Henk Krol hoeft teruggevorderde subsidie Gay Krant niet zelf te betalen
In juli 2008 zegde de minister van Onderwijs, Cultuur en Wetenschap een subsidie toe voor een project van SVGK. De besteding van de subsidie is verantwoord in het financieel verslag van de stichting dat door de accountant was goedgekeurd. Op basis daarvan werd de subsidie door de minister vastgesteld op een bedrag van 206.833 euro. Dat gebeurde in december 2012.
Accountant trekt goedkeurende verklaring in
Anderhalf jaar later, in juni 2014, trok de accountant echter zijn goedkeurende verklaring in. Aanleiding daarvoor was een controle door de Auditdienst Rijk (ADR) van het ministerie van Financiën. Hierdoor werd niet meer voldaan aan de subsidievoorwaarden met als gevolg dat de minister de uitbetaalde subsidie van de stichting terugvorderde.
De SVGK is inmiddels ontbonden. Volgens de drie voormalige bestuursleden van de stichting had Henk Krol, de oud-voorzitter van de stichting, die in februari 2013 was afgetreden, zijn taak als bestuurder niet goed vervuld. Hij zou het subsidiegeld voor privédoelen hebben gebruikt en voerde geen betrouwbare administratie. Zij vinden dat het aan hem te wijten is dat de subsidie moest worden terugbetaald. Om het bedrag op de oud-voorzitter te kunnen verhalen, stapten deze bestuursleden naar de rechter.
Niet op eigen naam
De eerste vordering, waarmee de voormalige bestuurders Krol aansprakelijk stellen voor onbehoorlijk bestuur, is door de bestuurders ingediend en niet door SVGK. Net als de rechtbank vindt het hof dat de bestuurders deze vordering niet op eigen naam kunnen indienen omdat die aan de stichting zelf toekomt. Dat SVGK inmiddels ontbonden is, maakt dat niet anders omdat de stichting blijft voortbestaan voor zover nodig is voor de vereffening. Om deze formele reden wijst ook het hof deze eerste vordering af.

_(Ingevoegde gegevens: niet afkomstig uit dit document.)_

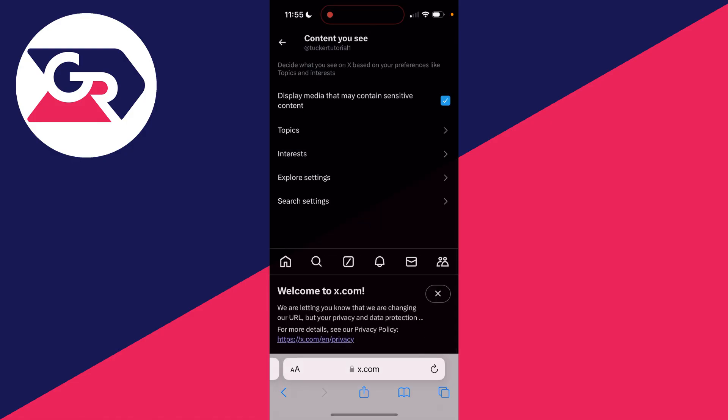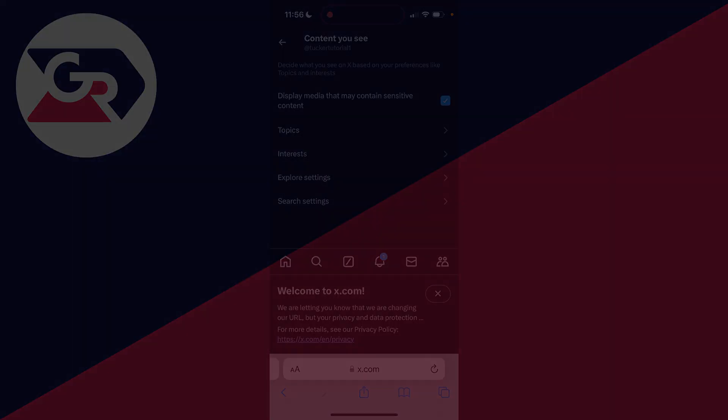And at the top, you'll see the setting display media that may contain sensitive content. What you need to do is make sure that is ticked like so, and that will turn off the sensitive content setting and the filter. If you found this useful, then leave a like.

Onduidelijkheid over reden intrekken subsidie
De voormalige bestuurders hebben nog een vordering ingediend. Daarin vragen zij, voor het geval dat de minister hen persoonlijk aansprakelijk stelt voor de terugbetaling van de subsidie, een verklaring dat zij dit op de voormalige voorzitter kunnen verhalen. Ook hierin volgt het hof de rechtbank en wijst deze vordering af.
De voormalige bestuurders hebben in het hoger beroep niet aannemelijk gemaakt dat de minister hen persoonlijk aansprakelijk zal stellen en wat de minister hen dan voor verwijten kan maken. Dan is ook niet te beoordelen of de voormalige voorzitter op zijn beurt hiervoor aansprakelijk is tegenover de voormalige bestuurders. Bovendien is er de nodige onduidelijkheid over de gang van zaken rondom de terugvordering van de subsidie. De oud-voorzitter is helemaal niet betrokken bij de controle door de ADR en bij de intrekking van de goedkeuring door de accountant. Dat is vreemd, omdat juist de oud-voorzitter van de hoed en de rand wist over de gang van zaken bij het subsidietraject. Ook wordt hem verweten dat de subsidie is doorbetaald aan een andere vennootschap. Maar het ministerie had hier geen bezwaar tegen en wist ook dat die vennootschap de deelprojecten zou uitvoeren. Vast staat ook dat een aantal daarvan is uitgevoerd.
Al met al is niet duidelijk of de subsidie is teruggevorderd vanwege de eventuele onbetrouwbare administratie en het verweten gebruik van de subsidie voor privédoelen. Het staat ook niet vast dat hier überhaupt sprake van was. Er kan daarom niet worden geoordeeld dat de eventuele schade van de voormalige bestuurders – het zelf moeten terugbetalen van de subsidie – komt door het handelen van de oud-voorzitter.